V

The reminiscences of Byington Briggs, Esq., of Skeff, Briggs & Waterhouse, private legal advisers to the late J. H. Osterman, as developed in a private conversation at the Metropolitan Club in New York in December, 19—.

“You knew old Osterman, didn’t you? I was his confidential adviser for the last eight years of his life, and a shrewder old hawk never sailed the air. He was a curious combination of speculator, financier and dreamer, with a high percentage of sharper thrown in for good measure. You’d never imagine that he was charitably inclined, now would you? It never occurred to me until about a year and a half before his death. I have never been able to explain it except that as a boy he had had a very hard time and in his old age resented seeing his two stepsons, Kester and Rand Benda, getting ready to make free use of his fortune once he was gone. And then I think he had come to believe that his wife was merely using him to feather her own nest.

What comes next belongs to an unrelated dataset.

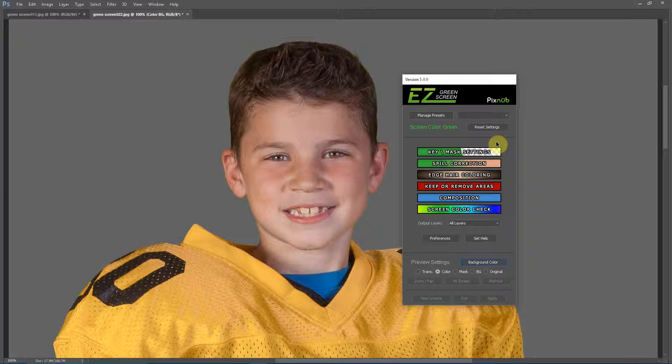Hello everyone, this is Damon with Easy Green Screen, and for this tutorial I want to discuss what to do when you see yellow clothing shift in color due to the spill correction.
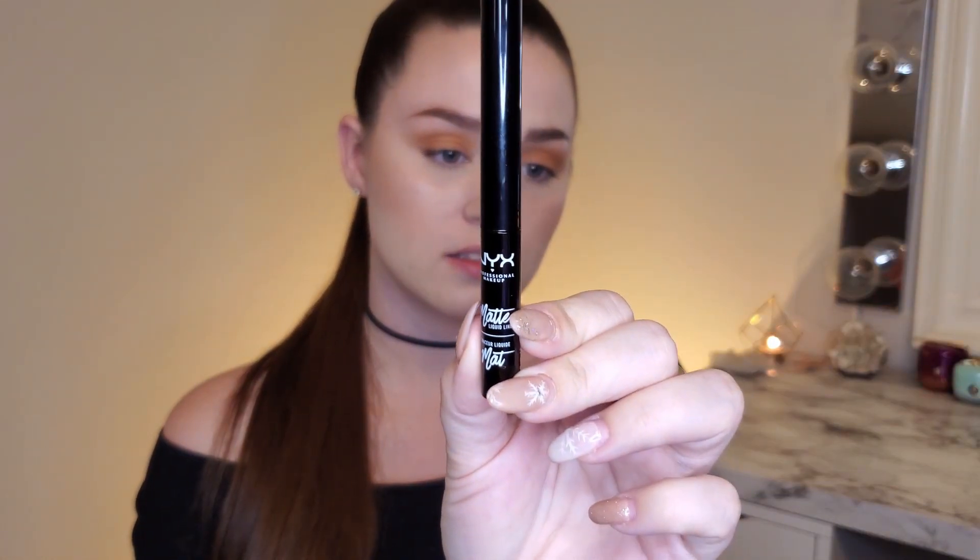Super easy, super quick. Next, I'm going to do a wing. I'm going in with my favorite liquid eyeliner, which is the NYX Matte — make sure you always shake it. This is pretty much my normal wing, but I'm trying to make it a little bit more fox eye shape, which is really popular right now. If you want to know more about how I apply my eyeliner, I do have a tutorial and I'll link it right here and down below in the description.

I wouldn’t want it mentioned to a soul as coming from me, but three months before he died he had me draw up a will leaving his entire estate of something like forty millions, not to her, as the earlier will filed by her showed, but to the J. H. Osterman Foundation, a corporation whose sole purpose was to administer his fortune for the benefit of something like three hundred thousand orphans incarcerated in institutions in America. And but for the accident of his sudden death out there at Shell Cove two years ago, he would have left it that way.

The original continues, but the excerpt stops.